If you’ve spent any time reading AI-generated text, you’ve noticed it: em dashes everywhere. A single paragraph from ChatGPT, Claude, or Gemini can contain three or four of them. It has become such a reliable signal that readers now half-jokingly treat the em dash as a watermark for “a robot wrote this.” So why does it happen?
It learned from us — but unevenly
Large language models learn punctuation by absorbing enormous amounts of text: books, articles, web pages, forums. The em dash is common in published, edited prose — journalists and authors love it because it’s flexible and always grammatical. Models pick up on that and reach for it whenever a sentence could use a pause, an aside, or a connector.

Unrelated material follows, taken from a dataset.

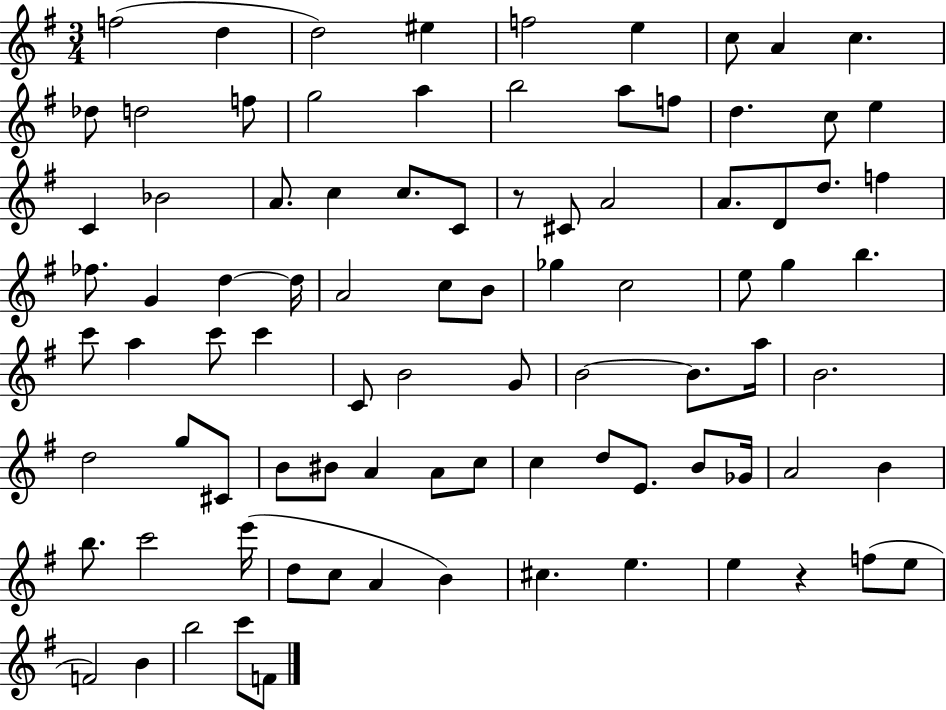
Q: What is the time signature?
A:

The catch is that models don’t reproduce human frequency; they amplify the patterns they find rewarding. Because the em dash almost never produces a grammatical error, it’s a “safe” choice. Where a human writer might agonise over whether to use a comma, a colon, or a new sentence, a model can drop in an em dash and move on. Multiply that across millions of sentences and you get text that is statistically over-dashed.
Markdown bleeds into prose
There’s a second, more technical reason. Many models are trained and fine-tuned on text that mixes Markdown formatting with ordinary writing. Dashes appear constantly in Markdown — as bullet markers, as horizontal rules, in tables. Some of that “dash habit” leaks into normal prose generation, nudging the model toward dashes even when plain punctuation would read more naturally.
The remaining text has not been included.